Sergio Martinez (48-2-2) vs. Matthew Macklin (28-3); Ring Middleweight Championship
You’re not going to find any boxing writers who don’t consider Sergio Martinez to be a top five ranked pound for pound fighter. He’s a late bloomer to the sport, is the current Ring middleweight champion, and the WBC Diamond Middleweight champion. There’s also a WBC “regular” champion, Julio Caesar Chavez Jr., — allegedly you can have two champions in the same division from the same sanctioning body.
Regardless, Martinez is a monster, and is undeniably the best middleweight boxer today. He was previously a super welterweight champion, and first fought in the middleweight division against Paul Williams in December of 2009. He lost that bout on the scorecards, though many observers felt Martinez should have been given the nod. He bounced back from that defeat and took the WBC, WBO, and Ring middleweight title from Kelly Pavlik in 2010, and in a rematch, blasted Williams with a brutal 2nd round KO in November of 2010. He won his last two bouts against undefeated fighters Serhiy Dzinziruk and Darren Barker by KO, but he struggled at times against Barker and looked all too human.
Martinez is 37, and father time catches up with us all: that last bout may be a sign that Martinez is starting to decline.
Martinez has fought every big name that has become available to him. His first professional loss was against Antonio Margarito, before the hand wrap scandal came to light. Since then he’s fought Pavlik, Williams (twice), Cintron, Dzinziruk, and Barker. Nobody can claim Martinez is ducking opposition.

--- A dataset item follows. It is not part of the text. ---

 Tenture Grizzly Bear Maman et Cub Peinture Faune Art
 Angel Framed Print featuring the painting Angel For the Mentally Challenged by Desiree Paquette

Macklin is an opponent that Martinez should have no problems with, and is a fighter that has been given a title shot opportunity despite the fact he lost his previous title shot against Felix Sturm. It was a close split decision, but many observers felt Macklin won–even the German television station that broadcast the fight. Macklin last loss before Sturm was in 2006 to Jamie Moore, and his first loss was in 2003. He has been on a tear since 2006, but Martinez will be by far the toughest opposition that Macklin has ever faced. Macklin has made his career by fighting in Europe, and has only fought in the United States once in 2005.
Martinez has 27 KO or TKO to his record, and Macklin has 19, so neither fighter appears to have a definitive edge in power. Martinez is clearly the boxer with the superior hand speed and technical ability, and has fought the tougher competition.
Martinez should win, and win easily. The bigger question is: will Martinez be able to stop Macklin?